La situation actuelle montre tout ce qui serait possible. La solidarité envers les réfugié∙es ukrainien∙nes est importante et juste et doit absolument tenir sur la durée. Il est également important de se battre contre la discrimination persistante, qui est même encouragée par les autorités. Malek Ossi est du même avis et souhaite un changement fondamental vers une politique migratoire solidaire : «Nous avons l’opportunité historique de repenser la politique migratoire. La situation actuelle va probablement changer fondamentalement la politique d’asile et de migration.
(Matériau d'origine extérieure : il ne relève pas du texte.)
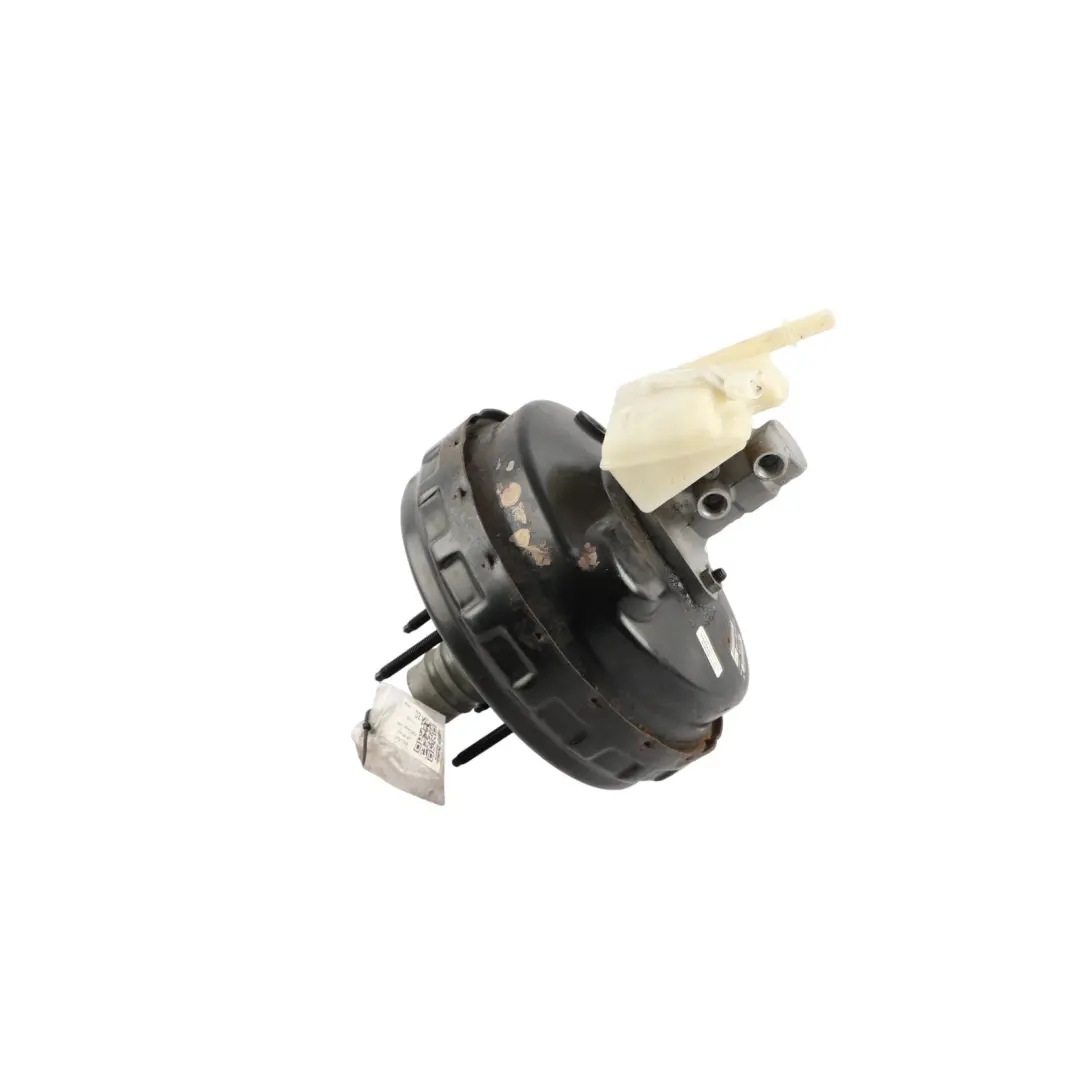 Ford Kuga C394 Brake Servo Brake Booster Master Cylinder Unit - SKU RHD-9V41-2B195-AD - Part number 9V41-2B195-AD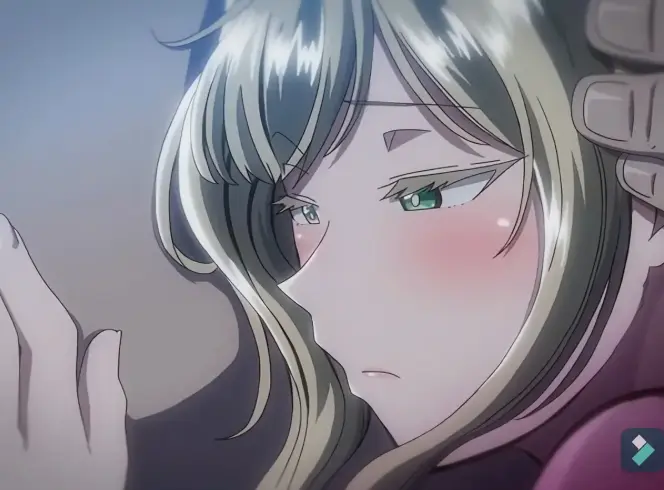 《圣华女子学院 OVA》动漫免费在线观看 - 无删减全卷高清播放 - 无广告弹窗体验 - 夸克网盘/115网盘资源互通下载
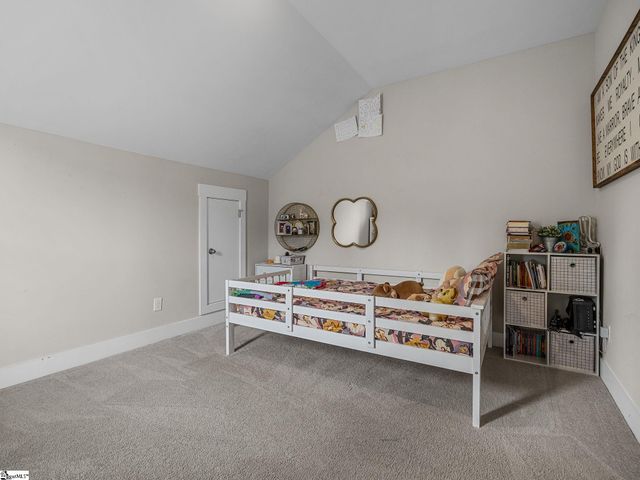 622 Minster Court, Moore, SC 29369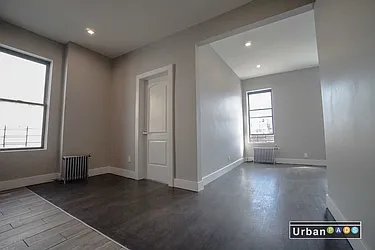 Rented by Urban Pads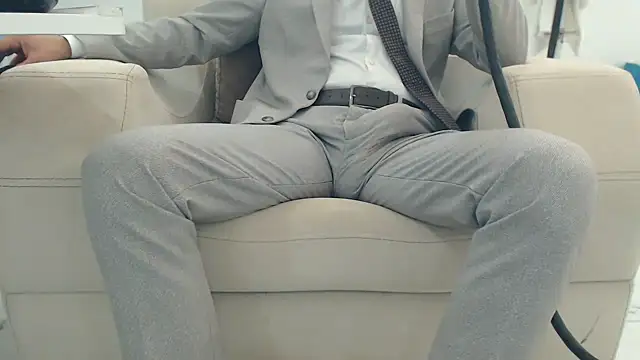 masterxmonster online show from October 20, 7:47 pm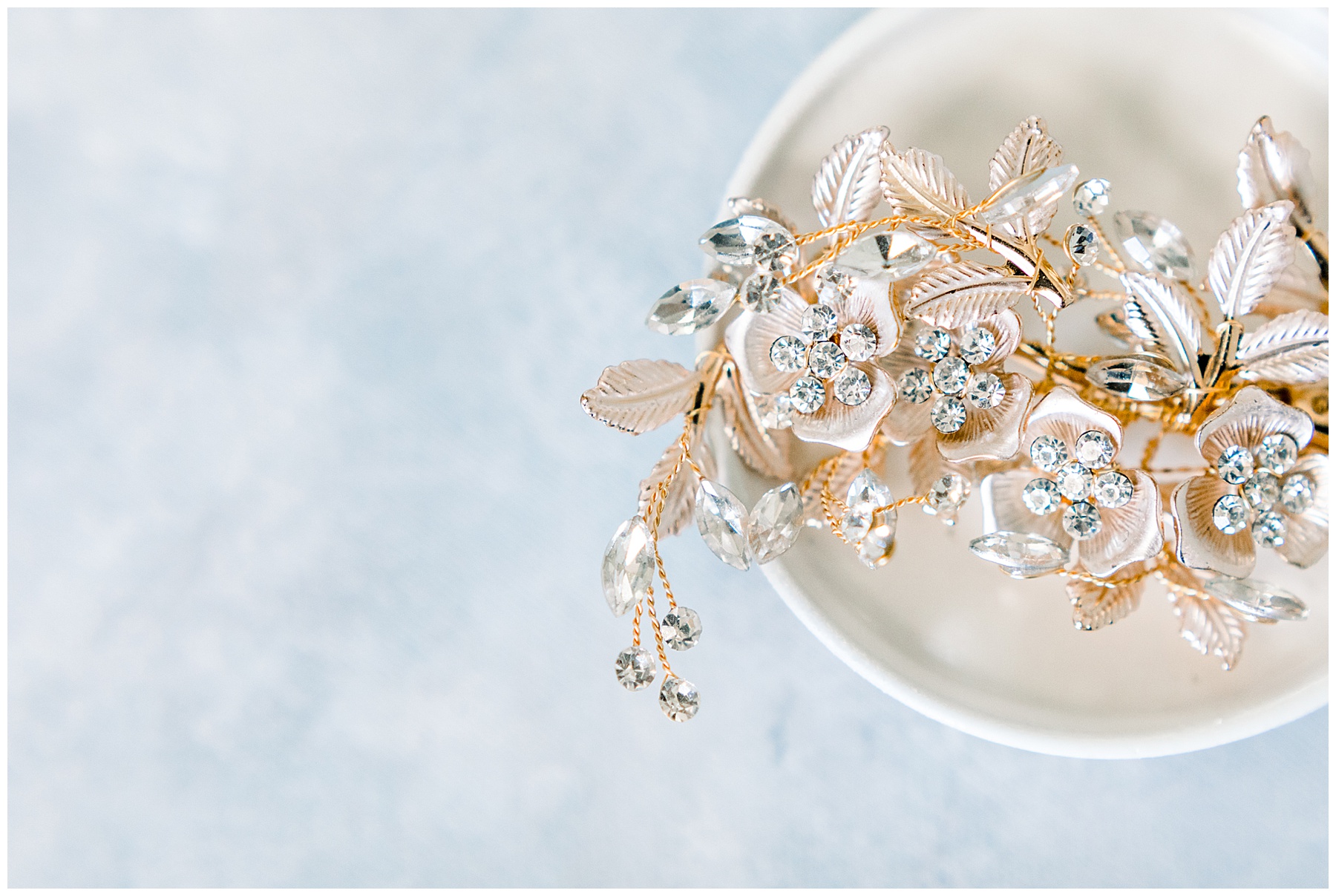 The Highgrove Estate Wedding Day - Tiffany L Johnson Photography_0012.jpg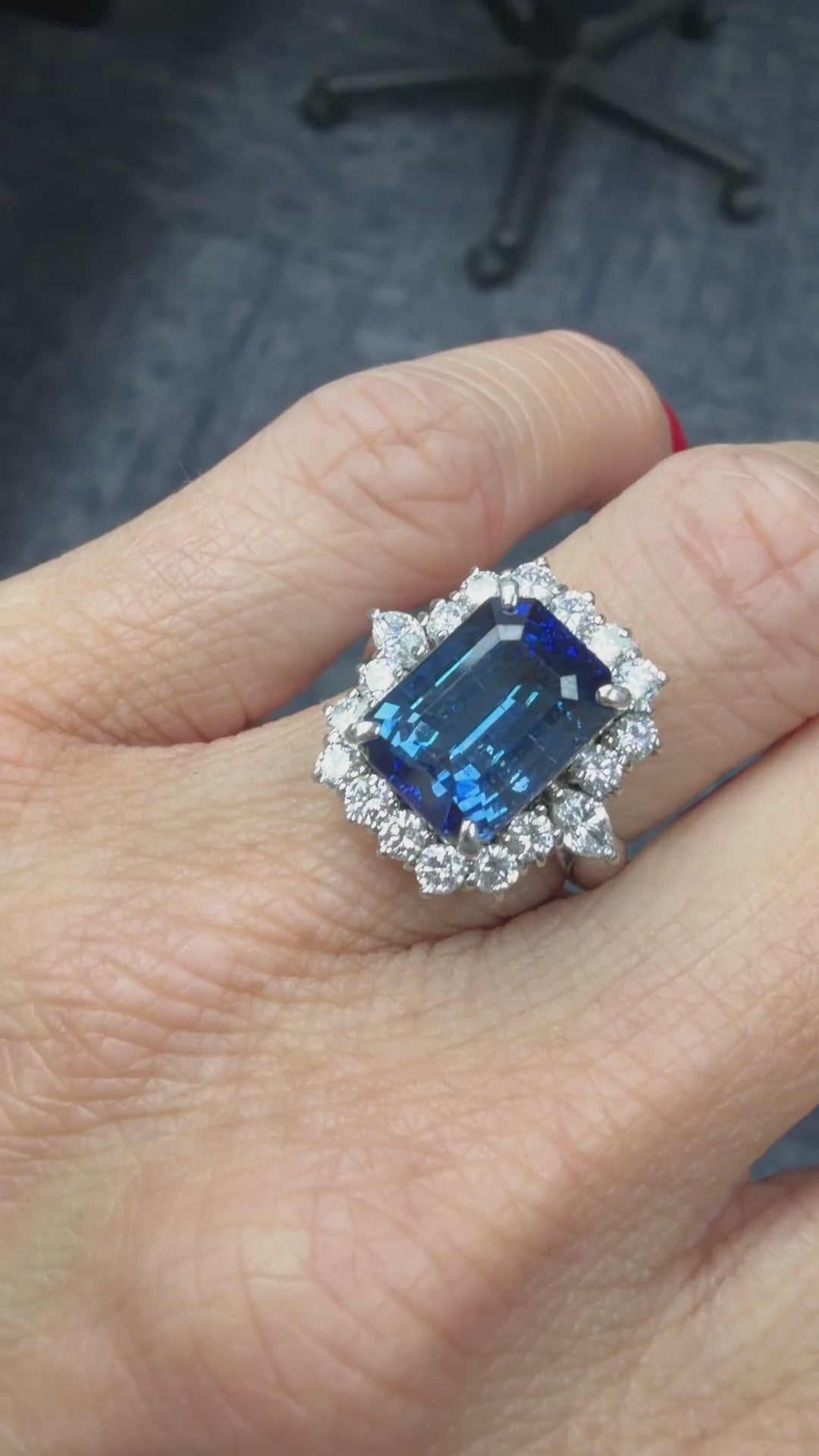 Lanore Fine Jewelry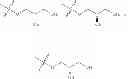 Fig. 741 - Bisphenol derivatives and their use as androgen receptor activity modulators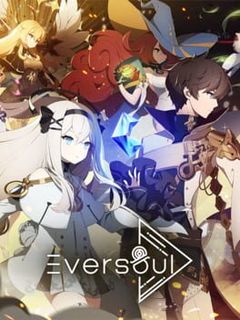 Eversoul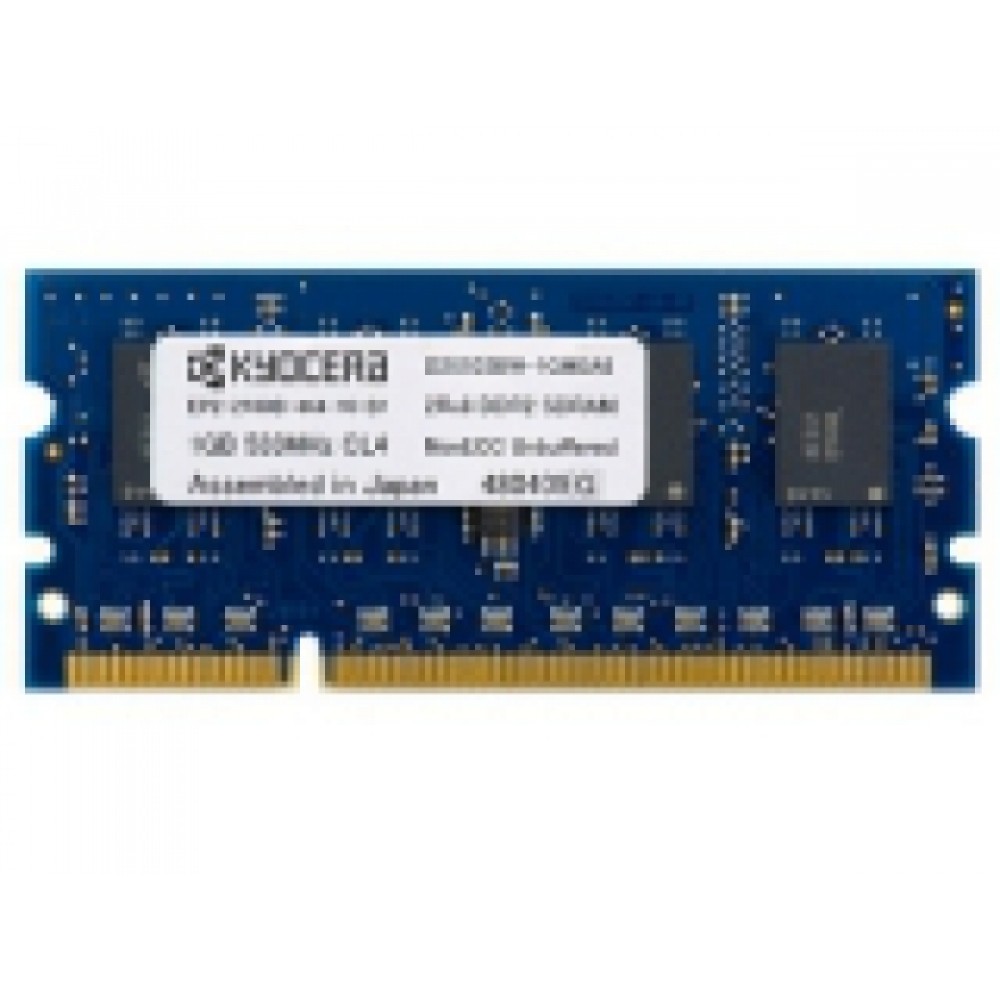 MM3-1GB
Car maintenant, nous savons que si nous le voulons, nous pouvons ouvrir la frontière. C’est une décision politique. Nous devrions la prendre partout. Nous pourrions décider aujourd’hui que plus personne ne meurt en Méditerranée».
Que demandons-nous dans cette situation ? Une société véritablement plurielle et la solidarité avec tou∙te∙s – peu importe d’où il∙elle∙s viennent. Et des perspectives communes contre la guerre et la militarisation. Mais le chemin est encore long, comme le montre l’agenda politique. La situation actuelle est utilisée pour planifier des missions Frontex à la va-vite et justifier l’inégalité de traitement des réfugié∙es selon des catégories racistes. Et l’appel à l’armement résonne dans tous les camps politiques. Nous nous y opposons. Nous n’avons pas besoin de plus de Frontex ou d’infrastructures militaires pour notre sécurité, mais de plus de solidarité et surtout de solidarité antiraciste – pas seulement aujourd’hui, mais à long terme.